Since lenders know borrowers meet Fannie Mae or Freddie Mac’s guidelines, they can be more flexible with the terms of the loans, often giving you more options. Down payments as low as 5% are available. These loans have more rigorous standards than government loans like FHA, so you’ll need good credit and at least 5% of your own personal funds to qualify. Conventional loans are typically divided into two types: fixed rate and adjustable rate.
Fixed Rate Mortgages
The most popular mortgage available is the fixed rate mortgage, or FRM. The popularity of this loan stems from the stable mortgage rate. The rate stays the same throughout the life of the loan, assuring you the same principal and interest payment each month. This stability allows you to budget your monthly expenses and plan on future savings. The two most common terms for fixed rate mortgages are 15 year and 30 year. The advantages of a 15 year mortgage are a shorter loan term and a lower interest rate. The loan payment on a 15 year loan is higher, but the loan will be paid off in half the time, allowing for faster buildup of equity and a comfortable mortgage payment-free existence after only 15 years.
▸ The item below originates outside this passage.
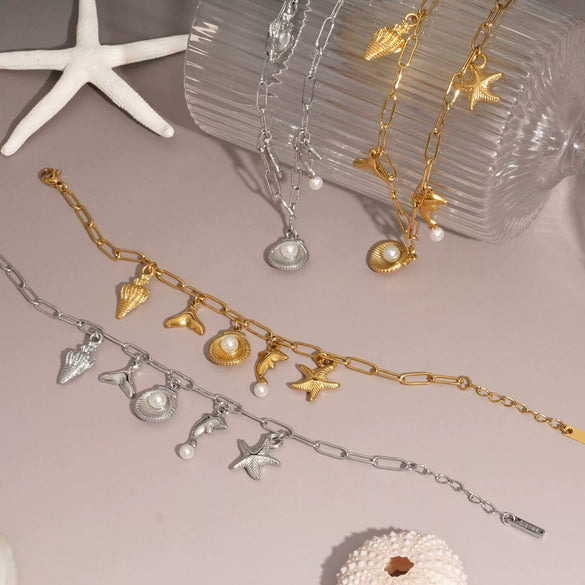Stainless Steel Marine Life Pendant Necklace Bracelet Anklet Jewelry With Electroplating And Cross Chain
A 30 year mortgage, while having a longer term and slightly higher interest rate provides an option of a smaller monthly mortgage payment. Of course all of these loans have no prepayment penalty and can be paid off more quickly through additional principal payments.
Adjustable Rate Mortgages
An adjustable rate mortgage is also an option for your home purchase. The main advantage to getting an adjustable rate mortgage over a fixed rate is a lower introductory interest rate. The most common type of an adjustable rate mortgage is called a “hybrid ARM.” The loan has both fixed rate and adjustable rate features. The initial fixed rate can last 3, 5, 7 or 10 years, and afterwards adjusts annually for the rest of the life of the loan. This type of loan is most suitable if you expect to live on the property for only as long as the fixed-rate lasts. This of course carries its own risk, given the possibility that you may need to stay in the property for longer than the expected fixed rate period.